Who really understands what their favorite beauty products are composed of?Sure, there is an ingredient list on the package that tells you exactly what is in the bottle, but do you really know what the ingredients are and what they do?

I often get asked what consumers should look for when purchasing a good moisturizer or anti-aging product and my answer is always the same: The list of moisturizers and anti-aging ingredients is too long for me to list every potential ingredient. There are just way too many!

However, there are quite a few commonly used ingredients that you may have seen before without really knowing why they are being used and how they benefit you. My goal is to help shed a little light and broaden your ingredient horizon by sharing with you why we, cosmetic chemists, formulate with certain ingredients.

1. Humectants: Ingredients that draw in water from their surroundings. Humectants promote hydration because they create a moisture barrier on the surface of the skin. In high humidity areas, humectants draw water from the atmosphere but when the humidity is low, the humectant can pull water from within the skin increasing water loss leading to drier skin.

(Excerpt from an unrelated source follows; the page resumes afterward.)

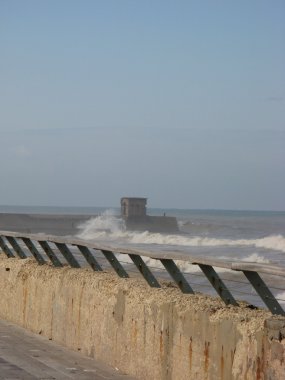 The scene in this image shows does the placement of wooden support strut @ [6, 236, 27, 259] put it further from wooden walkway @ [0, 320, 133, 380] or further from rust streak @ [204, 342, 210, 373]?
rust streak @ [204, 342, 210, 373]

Common humectants: glycerin, sorbitol, hyaluronic acid, panthenol, butylene glycol

2. Occlusives: A term for ingredients that form a barrier (like a shield) on the surface of the skin to prevent moisture from escaping (the technical phrase is reducing transepidermal water loss, or TEWL). Essentially they trap water in the skin and work in tandem with humectants to increase improve skin moisturization.

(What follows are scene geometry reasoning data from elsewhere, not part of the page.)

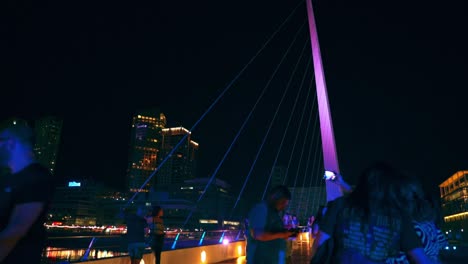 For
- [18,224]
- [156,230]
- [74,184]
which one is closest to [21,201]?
[18,224]

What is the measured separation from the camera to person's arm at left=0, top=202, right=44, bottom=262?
1.79 m

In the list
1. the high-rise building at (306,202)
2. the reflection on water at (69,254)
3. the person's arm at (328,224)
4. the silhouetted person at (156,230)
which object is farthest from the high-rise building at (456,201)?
the person's arm at (328,224)

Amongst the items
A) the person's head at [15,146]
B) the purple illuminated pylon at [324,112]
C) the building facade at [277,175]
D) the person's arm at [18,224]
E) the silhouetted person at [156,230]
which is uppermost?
the building facade at [277,175]

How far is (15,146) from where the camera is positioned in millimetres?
2117

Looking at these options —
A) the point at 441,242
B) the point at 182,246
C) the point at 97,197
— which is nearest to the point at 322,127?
the point at 182,246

Common occlusives: petrolatum, dimethicone, cocoa butter, beeswax, mineral oil, lanolin, squalene

READ MORE: Anti-Aging Products for Dry Skin

3. Antioxidants: A group of ingredients that reduce free radicals and their damage on the skin. These ingredients can be natural or synthetic and work well when used in combination. There are also antioxidants that help protect the ingredients in the product from degrading. These offer no true skin benefits.

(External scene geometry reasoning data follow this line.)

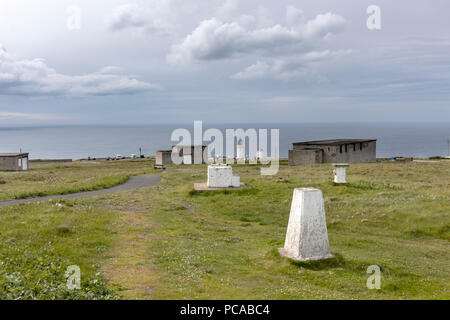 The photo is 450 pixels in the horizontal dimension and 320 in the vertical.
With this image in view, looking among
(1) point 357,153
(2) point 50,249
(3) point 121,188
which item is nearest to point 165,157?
(1) point 357,153

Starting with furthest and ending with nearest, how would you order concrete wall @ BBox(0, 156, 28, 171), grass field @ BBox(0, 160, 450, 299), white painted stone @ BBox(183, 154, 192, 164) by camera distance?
1. white painted stone @ BBox(183, 154, 192, 164)
2. concrete wall @ BBox(0, 156, 28, 171)
3. grass field @ BBox(0, 160, 450, 299)

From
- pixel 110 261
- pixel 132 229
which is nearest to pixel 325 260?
pixel 110 261

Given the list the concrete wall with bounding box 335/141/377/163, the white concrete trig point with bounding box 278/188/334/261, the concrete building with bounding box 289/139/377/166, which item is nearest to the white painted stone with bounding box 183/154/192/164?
the concrete building with bounding box 289/139/377/166

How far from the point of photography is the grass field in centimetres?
964

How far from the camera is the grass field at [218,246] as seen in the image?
31.6 ft

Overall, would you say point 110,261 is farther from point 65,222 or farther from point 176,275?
point 65,222

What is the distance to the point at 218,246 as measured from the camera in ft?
47.5

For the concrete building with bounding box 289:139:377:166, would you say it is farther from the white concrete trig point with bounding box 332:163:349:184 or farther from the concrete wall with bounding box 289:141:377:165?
the white concrete trig point with bounding box 332:163:349:184

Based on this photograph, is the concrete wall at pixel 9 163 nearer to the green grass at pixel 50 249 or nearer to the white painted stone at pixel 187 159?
the white painted stone at pixel 187 159

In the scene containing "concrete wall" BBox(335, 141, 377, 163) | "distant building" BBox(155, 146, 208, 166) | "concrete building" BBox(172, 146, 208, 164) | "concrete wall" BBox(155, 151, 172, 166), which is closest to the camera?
"concrete wall" BBox(335, 141, 377, 163)

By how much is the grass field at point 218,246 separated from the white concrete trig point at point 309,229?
0.42 metres

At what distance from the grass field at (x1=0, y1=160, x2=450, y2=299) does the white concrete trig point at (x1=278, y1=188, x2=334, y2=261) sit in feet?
1.38

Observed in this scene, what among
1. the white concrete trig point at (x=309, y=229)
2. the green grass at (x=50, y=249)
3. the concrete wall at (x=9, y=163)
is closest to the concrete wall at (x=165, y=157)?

Common antioxidants for skin benefits: superoxide dismustase, tocopherol, glutathione, alpha lipoic acid, resveratrol, grapeseed extract, coenzyme Q10, green tea

READ MORE: What’s a Serum?

4. Anti-inflammatory: Ingredients that reduce inflammation and mitigate the inflammatory responses (redness, swelling, pain, itching).

Common anti-inflammatories: bisabolol, allantoin, sea whip extract, aloe, dipotassium glycyrrhizinate, Beta glucan, calendula

READ MORE: The Science of Inflammation

5. Peptides: Chains of amino acids (less than 50) that help regulate many biological functions by interacting with cells. Synthetic peptides can mimic those naturally occurring in the body to assist with various functions like cell communications and hormone activity.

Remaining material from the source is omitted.